Hazlitt embarked on this project because, in his view, although general critiques of Keynes and The General Theory had been made, no critic had completed a detailed, paragraph-by-paragraph, analysis of the work and accordingly followers of Keynes could argue that previous critiques were shallow and did not indicate an understanding of Keynes' revolutionary ideas.
Hazlitt's work represents the most detailed critical analysis of The General Theory ever undertaken from an Austrian perspective.
Economist Ludwig von Mises called it "a devastating criticism of the Keynesian doctrines."
“In the twentieth century, the most influential economist has been John Maynard Keynes, who swept the world of economics like an avalanche in 1936 with his General Theory of Employment, Interest, and Money, his teachings quickly becoming a new, entrenched economic orthodoxy.
Henry Hazlitt, in this vitally important and desperately needed book, throws down the challenge in a detailed, thoroughgoing refutation of the General Theory.
…Henry Hazlitt, a renowned economic journalist, is a better economist than a whole host of sterile academicians, and, in contrast to many of them, he is distinguished by courage: the courage to remain an “Austrian” in the teeth of the Keynesian holocaust, alongside Mises and F. A. Hayek.
On its merits, this book should conquer the economics profession as rapidly as did Keynes. But whether the currently fashionable economists read and digest this book or not is, in the long run, immaterial; it will be read, and it will destroy the Keynesian System. At the very least, there is now a new generation under thirty-five, to bring this message to fruition.”
- Foreword to The Failure of the New Economics, Murray Rothbard
Henry Hazlitt
Henry Stuart Hazlitt (November 28, 1894 – July 9, 1993) was a libertarian philosopher, an economist, and a journalist for various publications including The Wall Street Journal and The New York Times, and Newsweek. He was the founding vice-president of the Foundation for Economic Education and an early editor of The Freeman magazine, an important libertarian publication. In 1946 Hazlitt wrote Economics in One Lesson, his seminal text on free market economics, which Ayn Rand referred to as doing a "...magnificent job of theoretical exposition." Hazlitt is credited with bringing his ideas and those of the so-called Austrian School to the American economics scene and his work has influenced the likes of economist Ludwig von Mises, novelist and essayist Ayn Rand, and 2008 Libertarian Party Presidential nominee and congressman, Ron Paul.
Hazlitt was a prolific writer, authoring 25 works in his lifetime.
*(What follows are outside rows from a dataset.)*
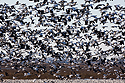Snow geese, Squaw Creek NWR, Missouri, December 2015.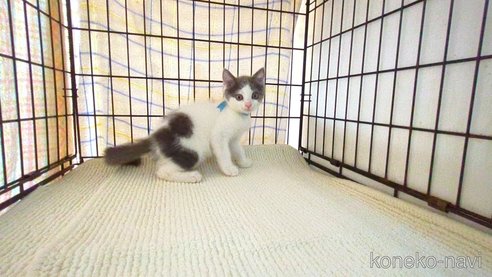 成約済の茨城県のブリティッシュショートヘア-93325の3枚目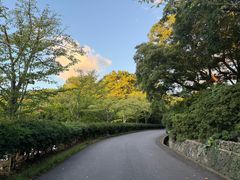 -汉拿树木园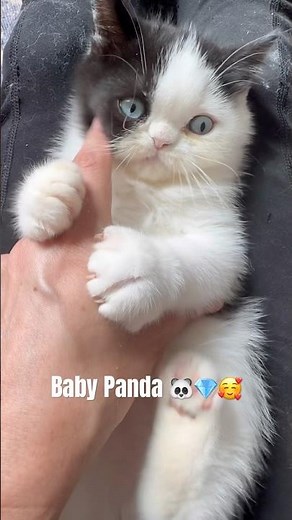 💎 Baby Panda – Rare Blue-Eyed Exotic Shorthair Persian | Luxury Kitten from Catsy Cats Cattery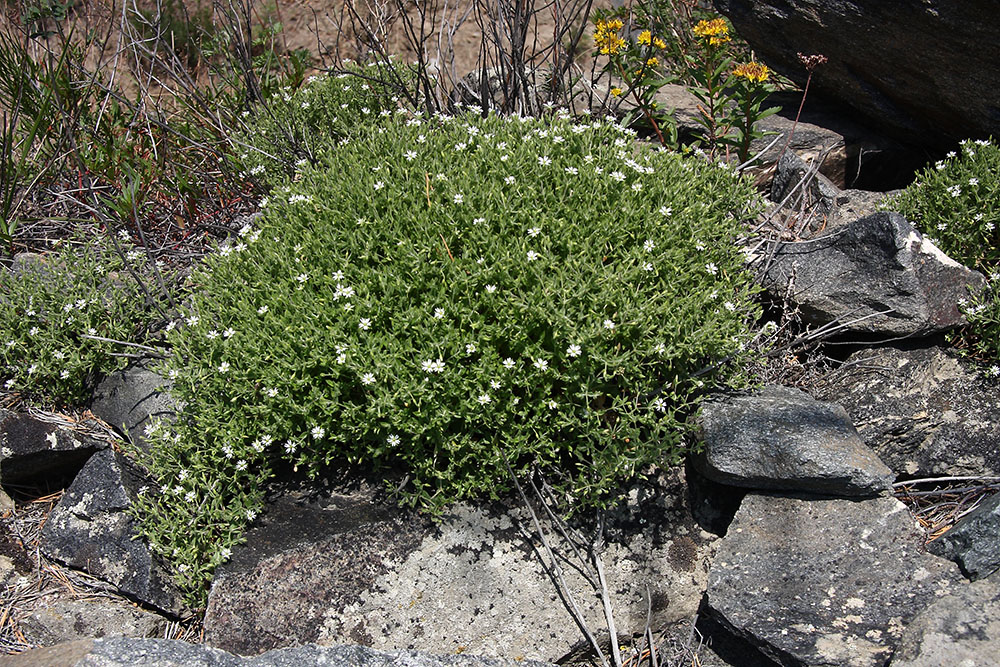 Image of Stellaria dichotoma specimen.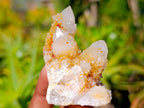 Natural Limonite Spirit Quartz Clusters x 17 From Boekenhouthoek, South Africa - Toprock Gemstones and Minerals 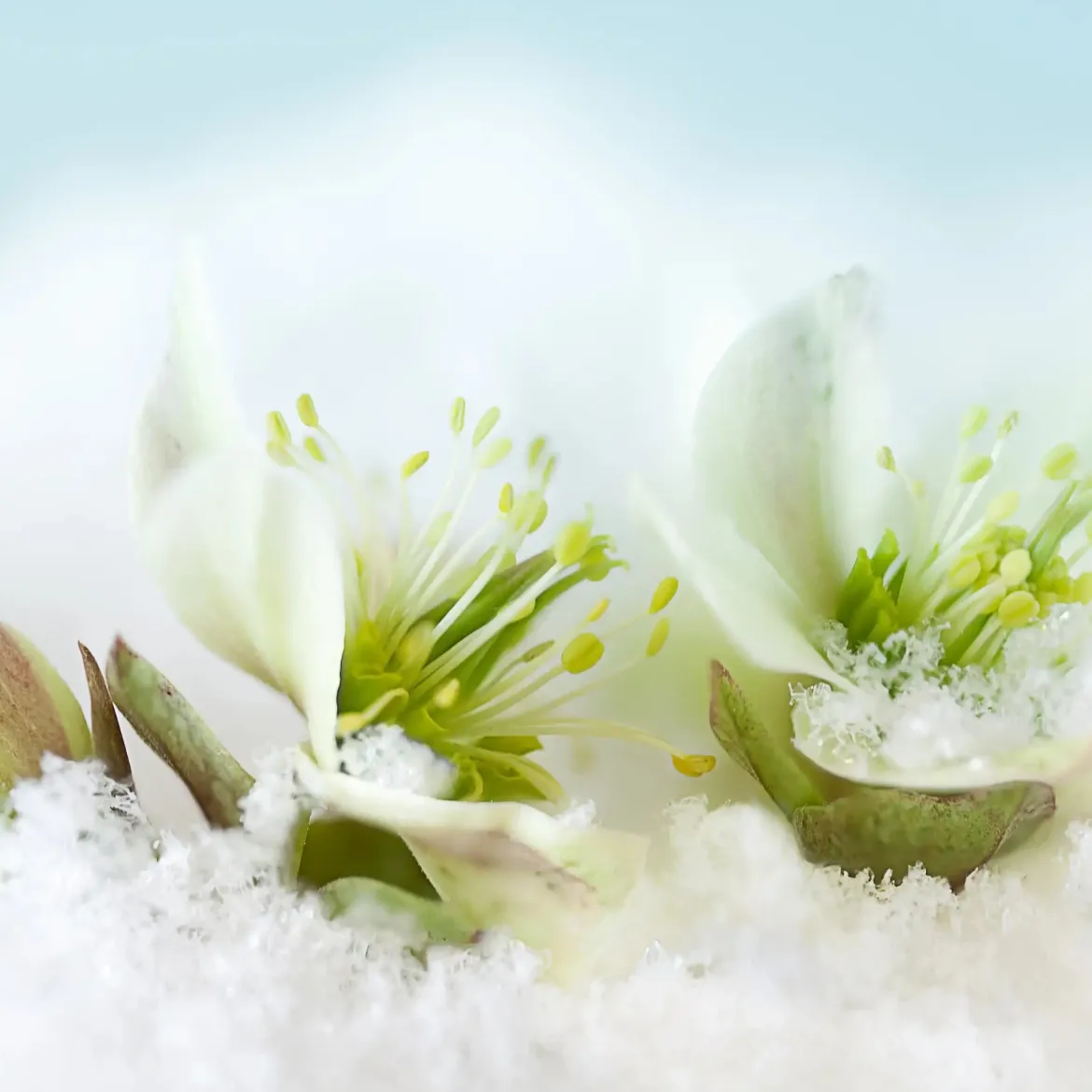 Winter nectar - Candle fragrance oil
Ludwig von Mises said at a dinner honoring Hazlitt: "In this age of the great struggle in favor of freedom and the social system in which men can live as free men, you are our leader. You have indefatigably fought against the step-by-step advance of the powers anxious to destroy everything that human civilization has created over a long period of centuries... You are the economic conscience of our country and of our nation."